What this task involves:
In the entries below, which lines run from the one with "csatolni. 5) A" through the one with "Wood Furnace Repair"? Repeat exactly those, both included, and no pictures.

Recorded data:

☆ ☆ ☆

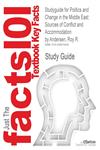 Studyguide for Politics and Change in the Middle East Sources of Conflict and Accommodation by Andersen, Roy R., ISBN 9780136029939,142887545X,9781428875456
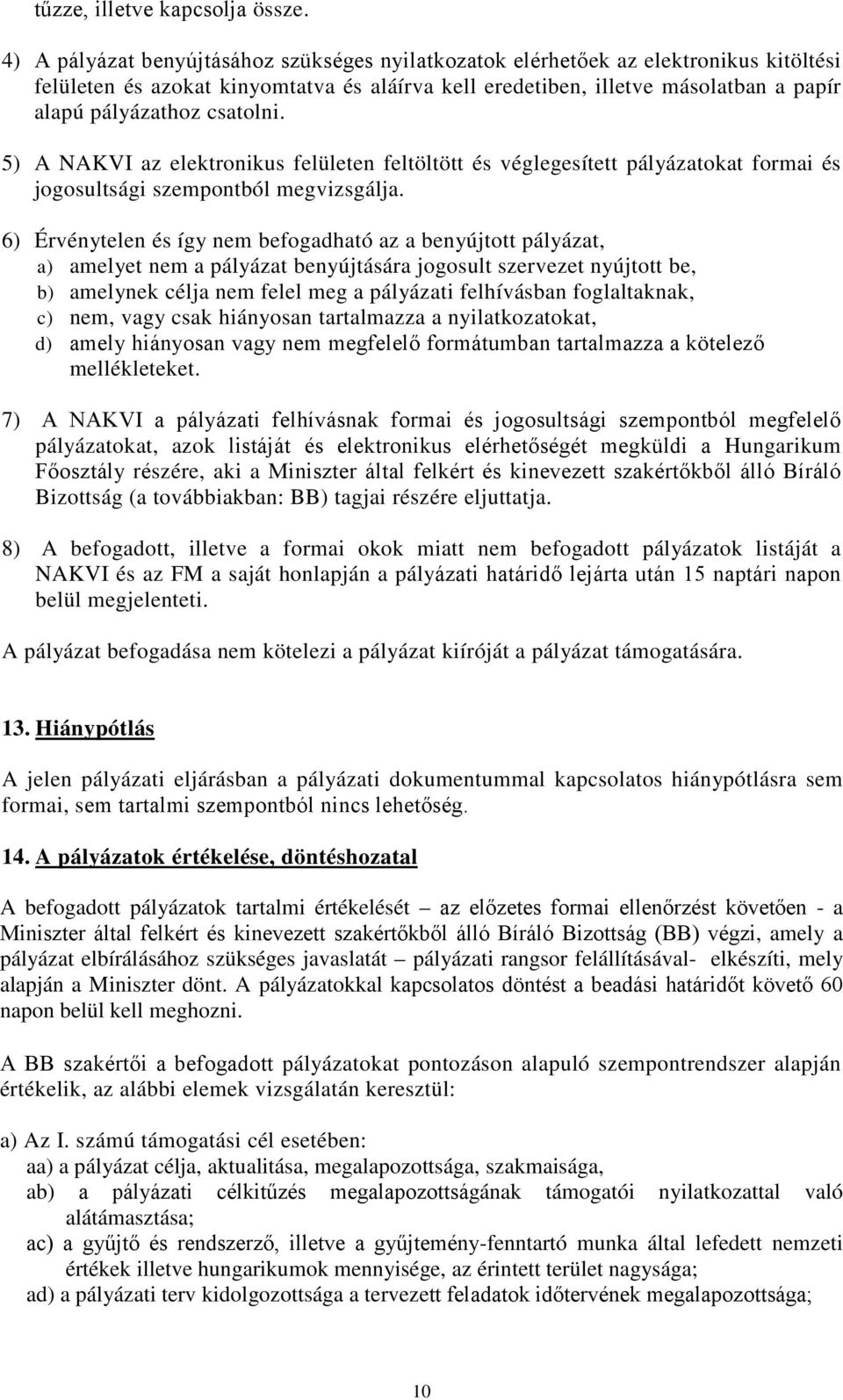 csatolni. 5) A NAKVI az elektronikus felületen feltöltött és véglegesített pályázatokat formai és jogosultsági szempontból megvizsgálja.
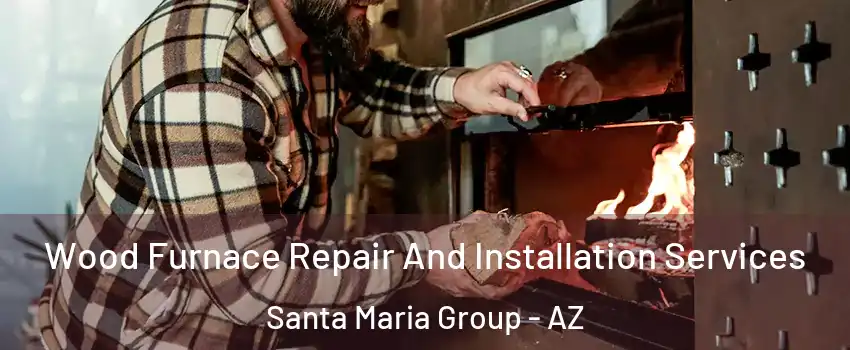 Wood Furnace Repair And Installation Services Santa Maria Group - AZ
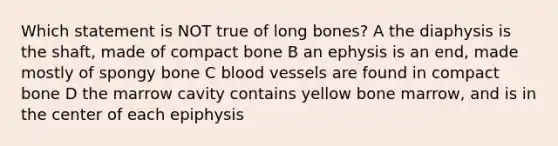 Which statement is NOT true of long bones? A the diaphysis is the shaft, made of compact bone B an ephysis is an end, made mostly of spongy bone C <a href='https://www.questionai.com/knowledge/kZJ3mNKN7P-blood-vessels' class='anchor-knowledge'>blood vessels</a> are found in compact bone D the marrow cavity contains yellow bone marrow, and is in the center of each epiphysis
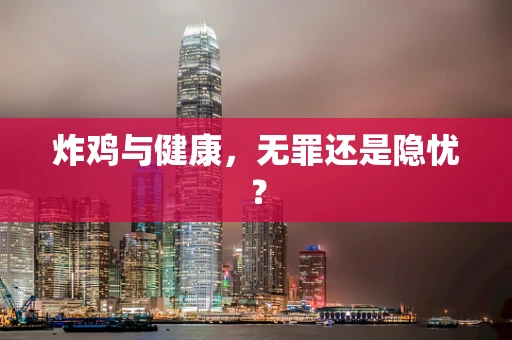 炸鸡与健康，无罪还是隐忧？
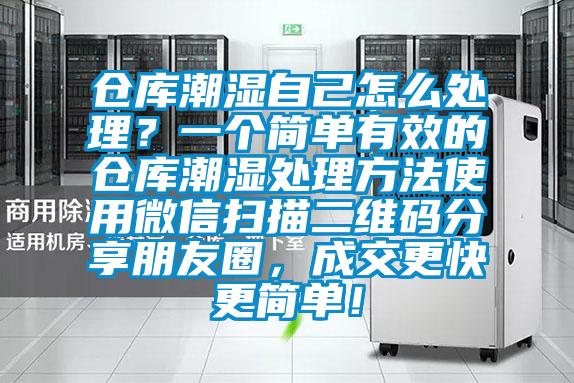 倉庫潮濕自己怎麽處理？一個簡單有效的倉庫潮濕處理方法使用微信掃描二維碼分享朋友圈，成交更快更簡單！
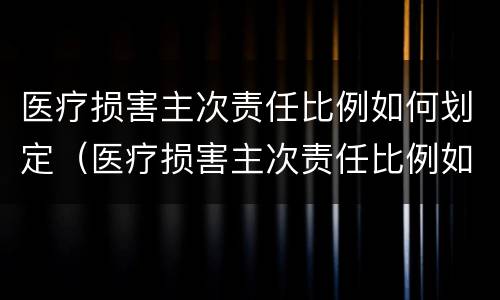 医疗损害主次责任比例如何划定（医疗损害主次责任比例如何划定的）
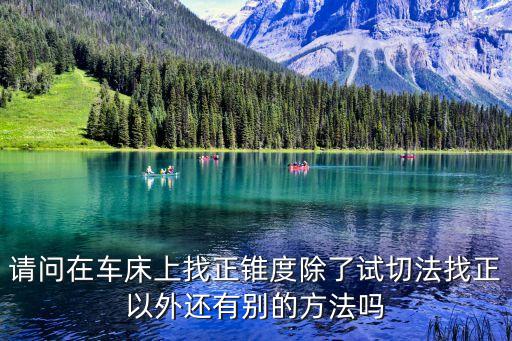 請問在車床上找正錐度除了試切法找正以外還有別的方法嗎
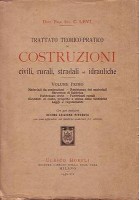 TRATTATO TEORICO PRATICO DI COSTRUZIONI CIVILI RURALI STRADALI IDRAULICHE Vol. I
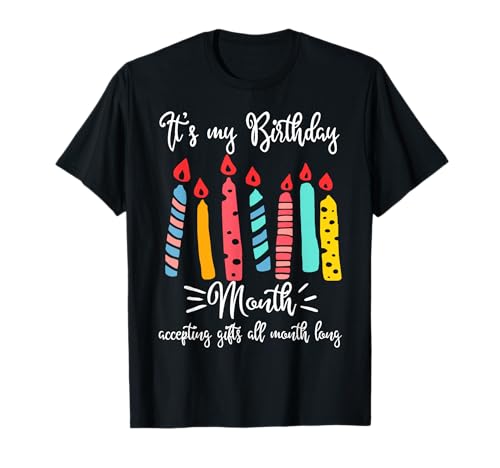 It's My Birthday Month T-Shirt Accepting Gifts All Month T-Shirt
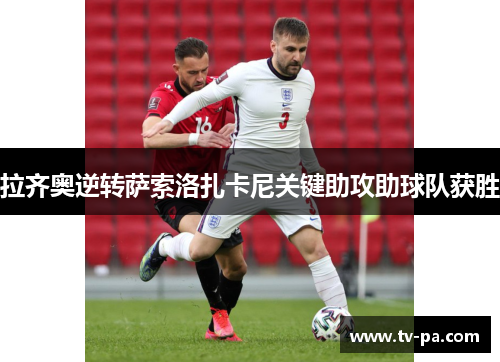 拉齐奥逆转萨索洛扎卡尼关键助攻助球队获胜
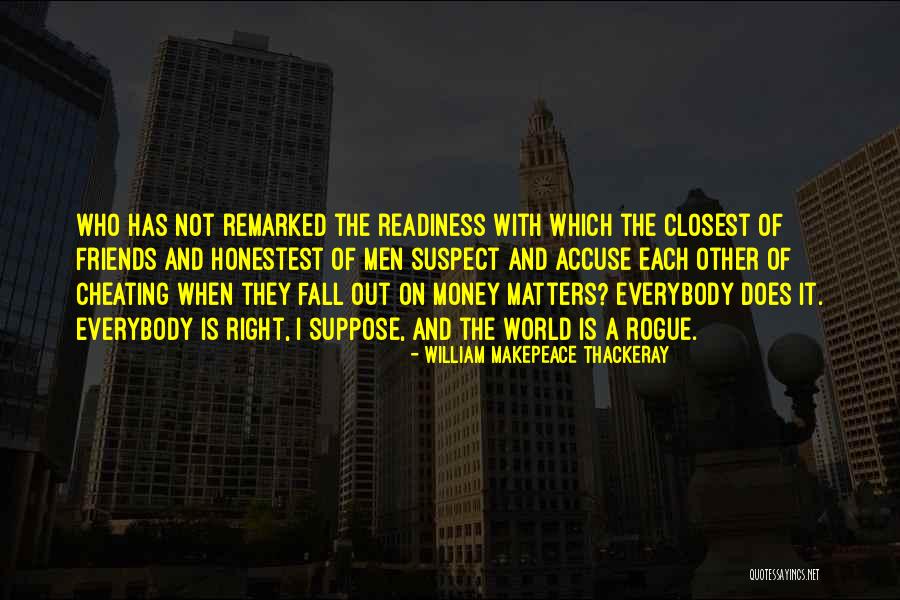 Everybody Matters Quotes By William Makepeace Thackeray Everybody Matters Quotes By William Makepeace Thackeray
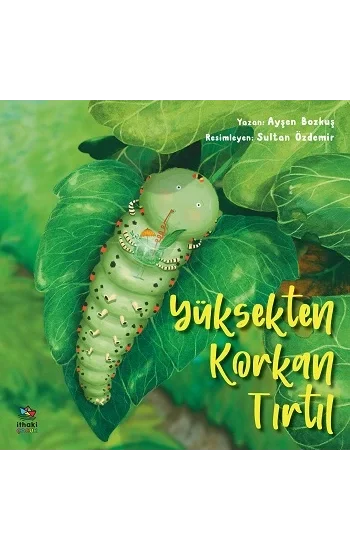 Yüksekten Korkan Tırtıl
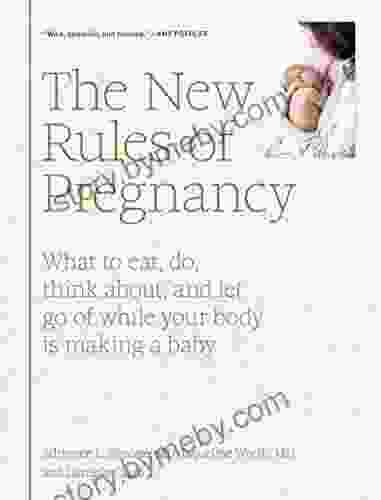 The New Rules Of Pregnancy: What To Eat Do Think About And Let Go Of While Your Body Is Making A Baby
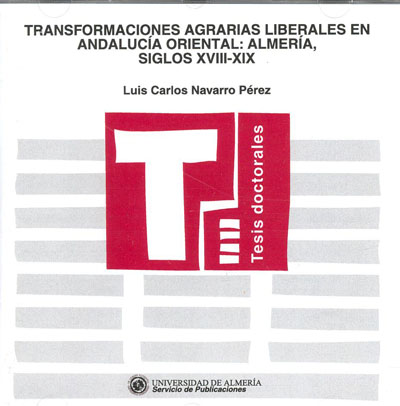 TRANSFORMACIONES AGRARIAS LIBERALES EN ANDALUCIA ORIENTAL: A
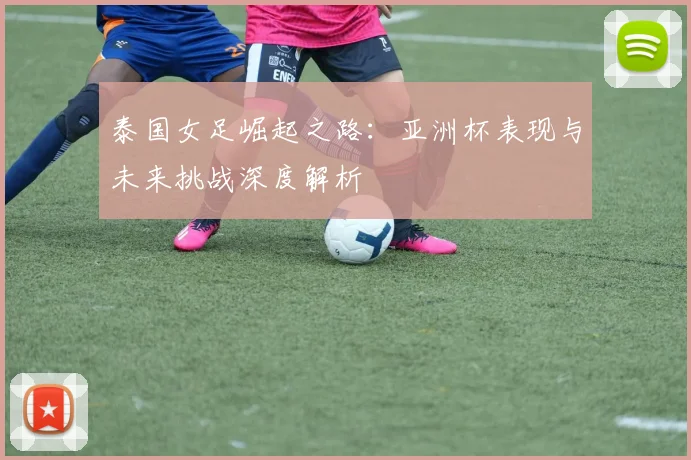 泰国女足崛起之路：亚洲杯表现与未来挑战深度解析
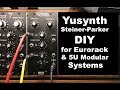 Yusynth steiner parker voltage controlled filter diy home build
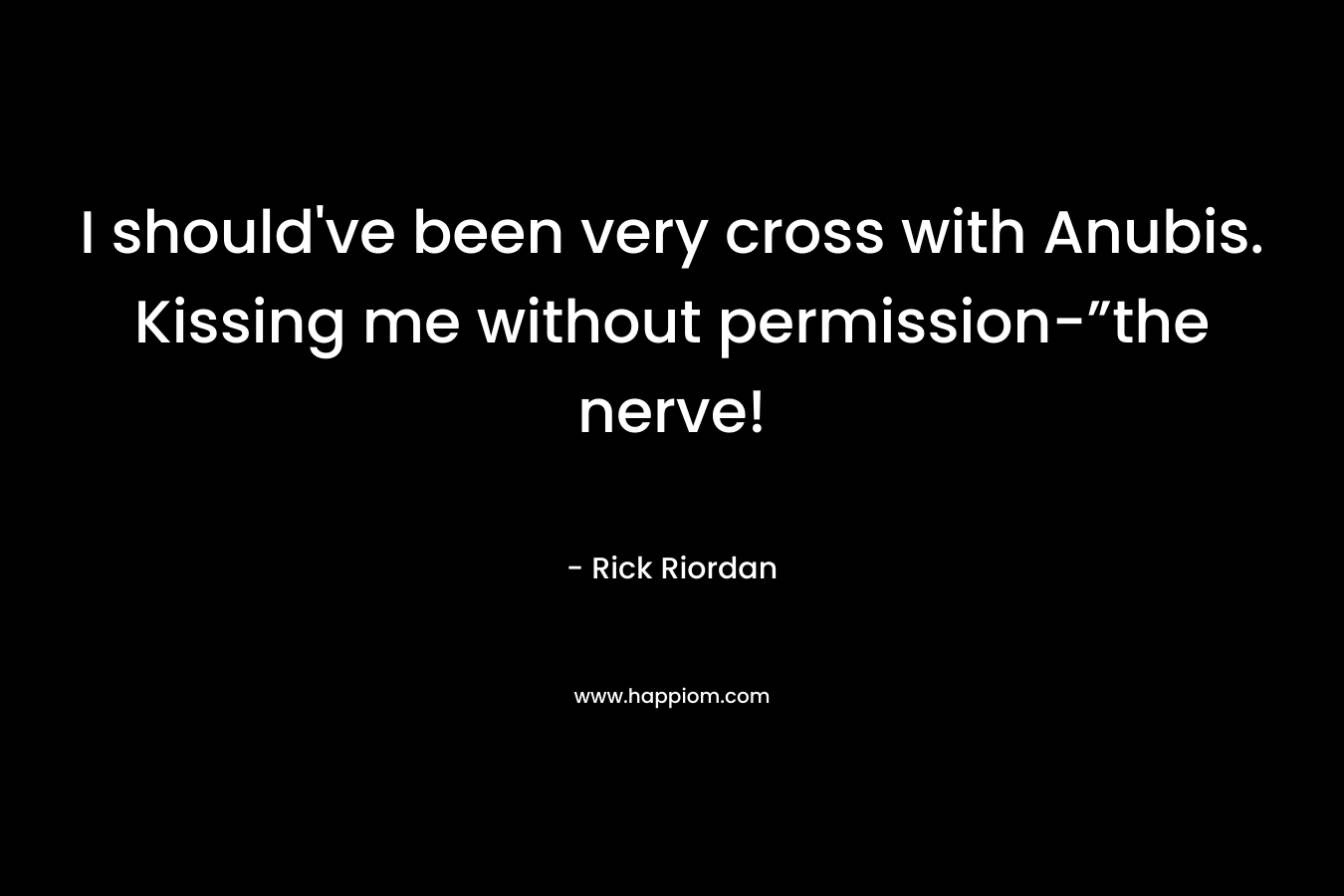 I should’ve been very cross with Anubis. Kissing me without permission-”the nerve! – Rick Riordan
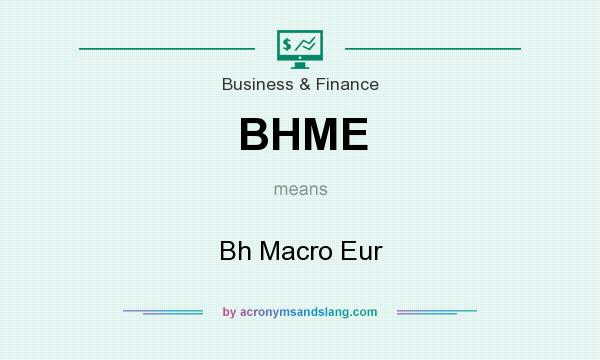 What does BHME mean? It stands for Bh Macro Eur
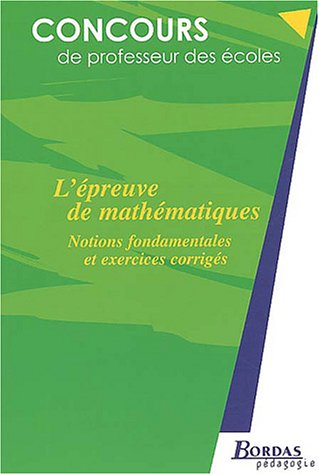 L'EPREUVE DE MATHS - NOTIONS FONDAMENT. (Ancienne Edition)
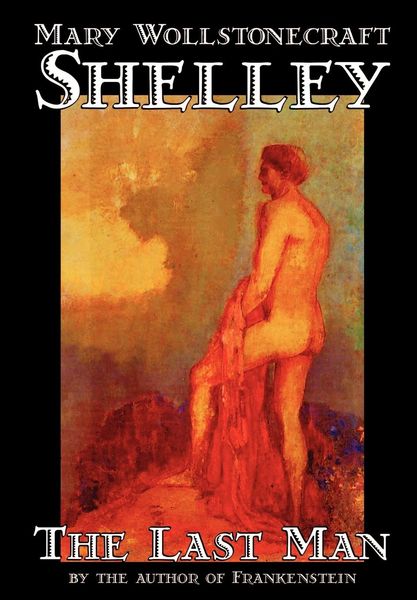 Produktbild: The Last Man by Mary Wollstonecraft Shelley, Fiction, Classics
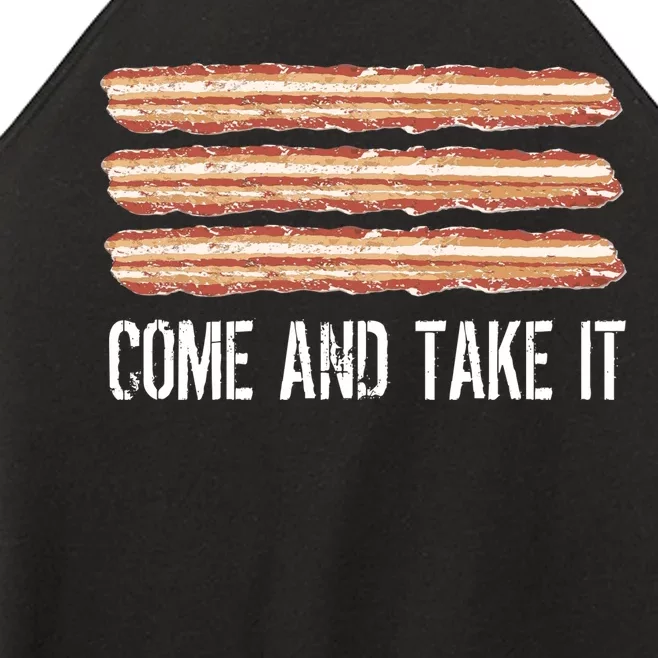 Come and Take It Bacon Women’s Perfect Tri Rocker Tank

☆ ☆ ☆

Answer to the problem:
 csatolni. 5) A NAKVI az elektronikus felületen feltöltött és véglegesített pályázatokat formai és jogosultsági szempontból megvizsgálja.
 Wood Furnace Repair And Installation Services Santa Maria Group - AZ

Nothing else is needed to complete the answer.